Emit the data below verbatim, stripping out any pictures.

RECORD EXTRACTS
════════════════
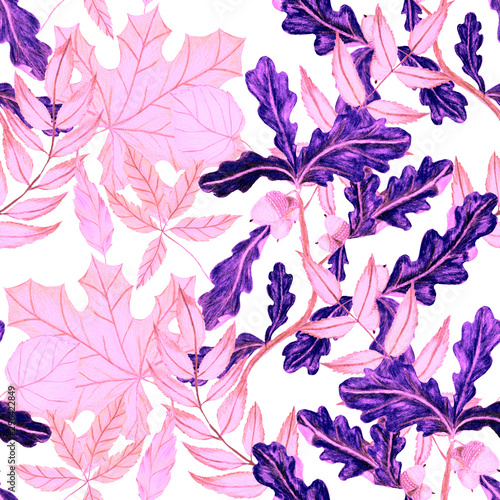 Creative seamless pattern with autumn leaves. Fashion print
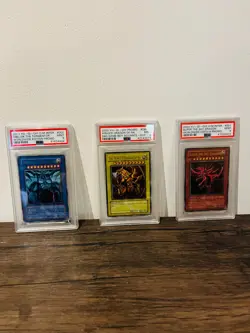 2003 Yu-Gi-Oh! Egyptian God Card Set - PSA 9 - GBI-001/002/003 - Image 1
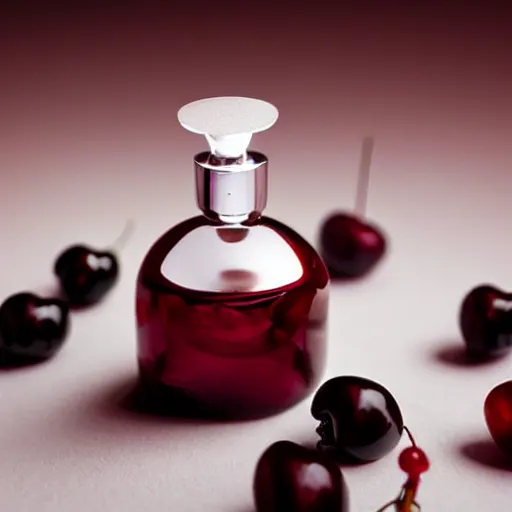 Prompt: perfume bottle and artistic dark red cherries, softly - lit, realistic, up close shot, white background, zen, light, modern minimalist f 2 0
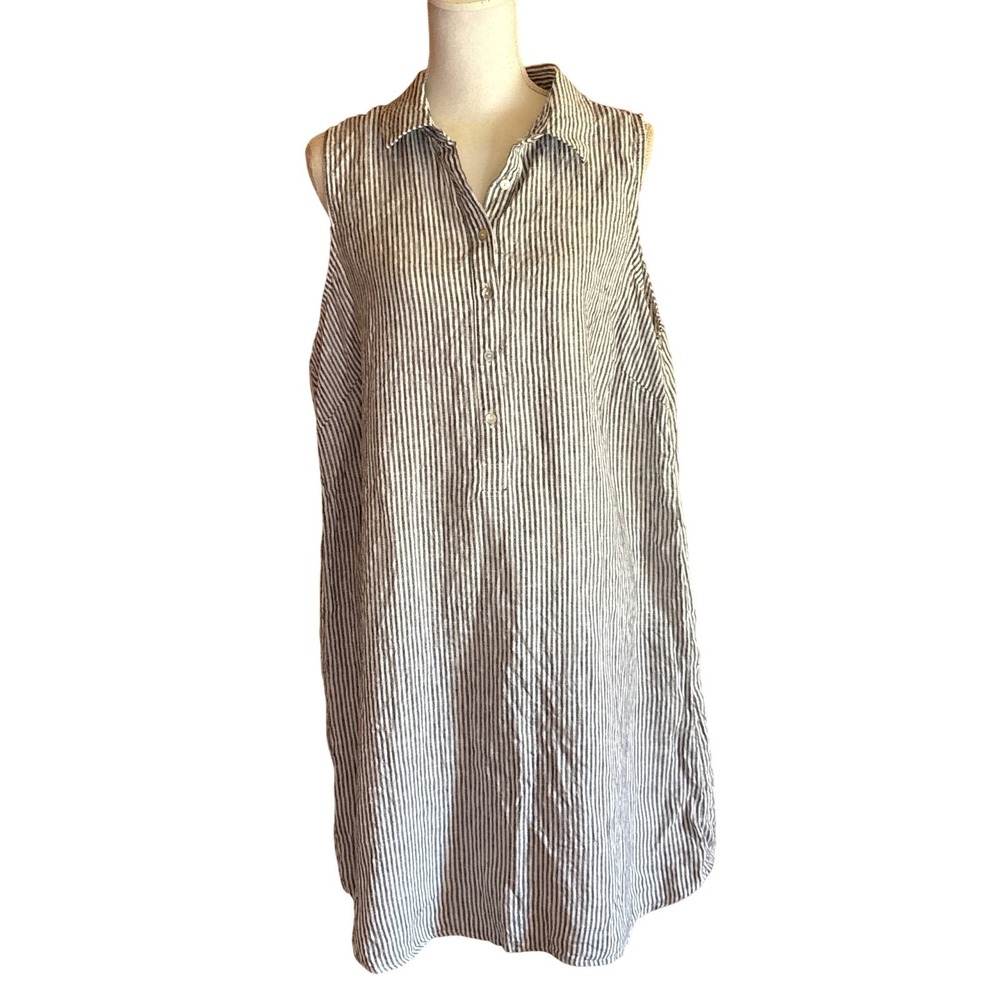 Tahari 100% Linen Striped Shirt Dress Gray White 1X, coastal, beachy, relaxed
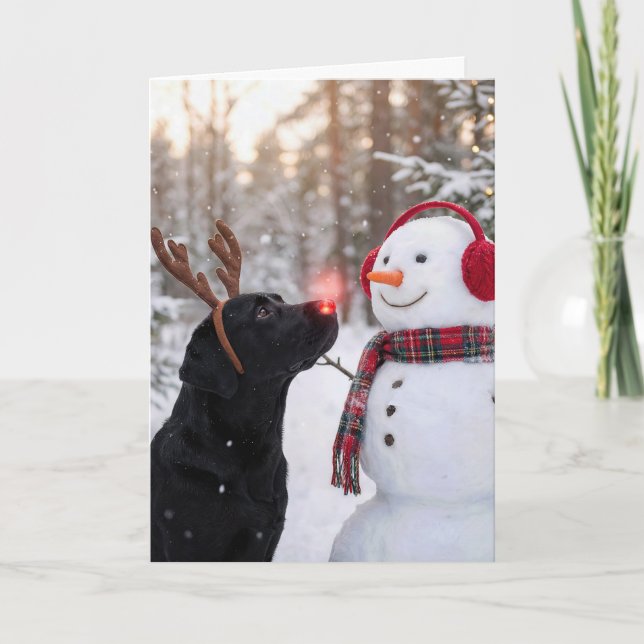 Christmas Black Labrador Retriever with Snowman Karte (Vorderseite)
════════════════
ANSWER BOX
 Creative seamless pattern with autumn leaves. Fashion print
 2003 Yu-Gi-Oh! Egyptian God Card Set - PSA 9 - GBI-001/002/003 - Image 1
 Prompt: perfume bottle and artistic dark red cherries, softly - lit, realistic, up close shot, white background, zen, light, modern minimalist f 2 0
 Tahari 100% Linen Striped Shirt Dress Gray White 1X, coastal, beachy, relaxed
 Christmas Black Labrador Retriever with Snowman Karte (Vorderseite)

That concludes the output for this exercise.